:: WHAT TO WORK ON ::
Retype exactly the lines of the listing below from the one with "Casa com 4 quartos" through the last, both included, and leave every picture out.

□ □ □

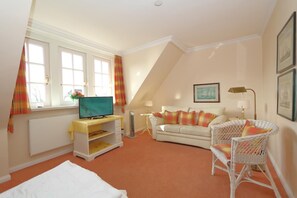 TV - House Tondernhüs, Germany (Sylt-Ost)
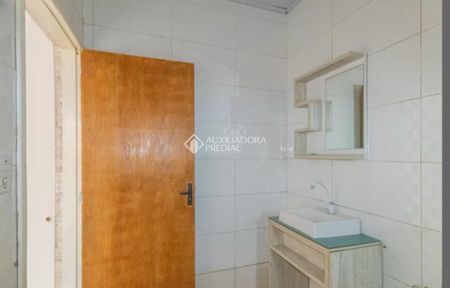 Casa com 4 quartos e 280m² para alugar em Fátima, Canoas. - Photo 2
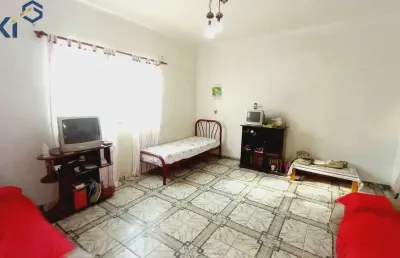 Rua tranquila, residencial, com 1 dorm. sala, coz. e wc e 1 vaga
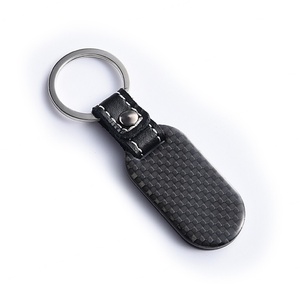 Porte-clés en métal noir, fibre de carbone et cuir, personnalisable avec logo, pour marques automobiles, vente en gros - Product Image 1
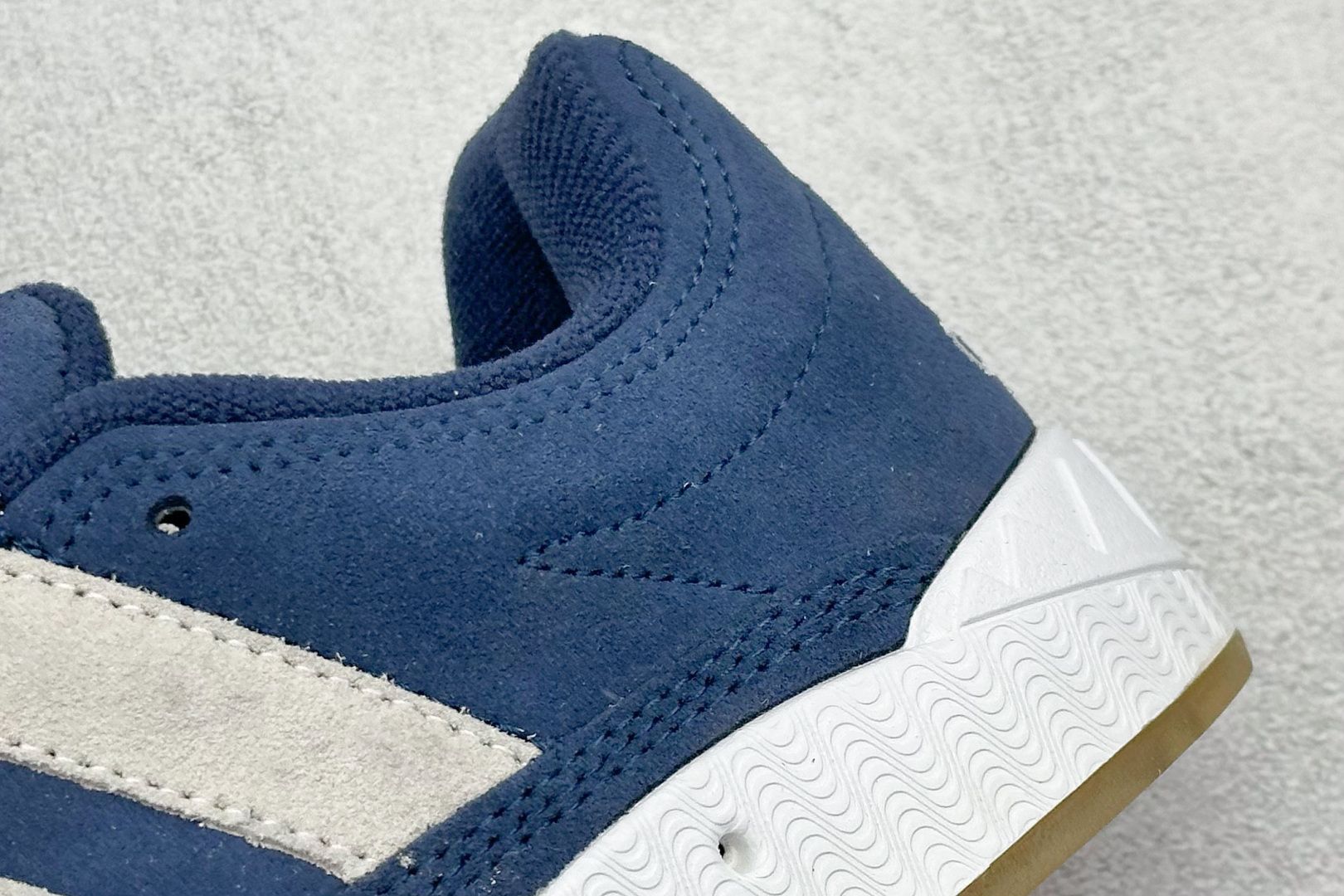 TG版 Adidas Adimatic Low 马蒂奇系列低帮 复古鲨鱼面包鞋运动休闲滑板板鞋 GY2088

□ □ □

:: FINISHED EXERCISE ::
 Casa com 4 quartos e 280m² para alugar em Fátima, Canoas. - Photo 2
 Rua tranquila, residencial, com 1 dorm. sala, coz. e wc e 1 vaga
 Porte-clés en métal noir, fibre de carbone et cuir, personnalisable avec logo, pour marques automobiles, vente en gros - Product Image 1
 TG版 Adidas Adimatic Low 马蒂奇系列低帮 复古鲨鱼面包鞋运动休闲滑板板鞋 GY2088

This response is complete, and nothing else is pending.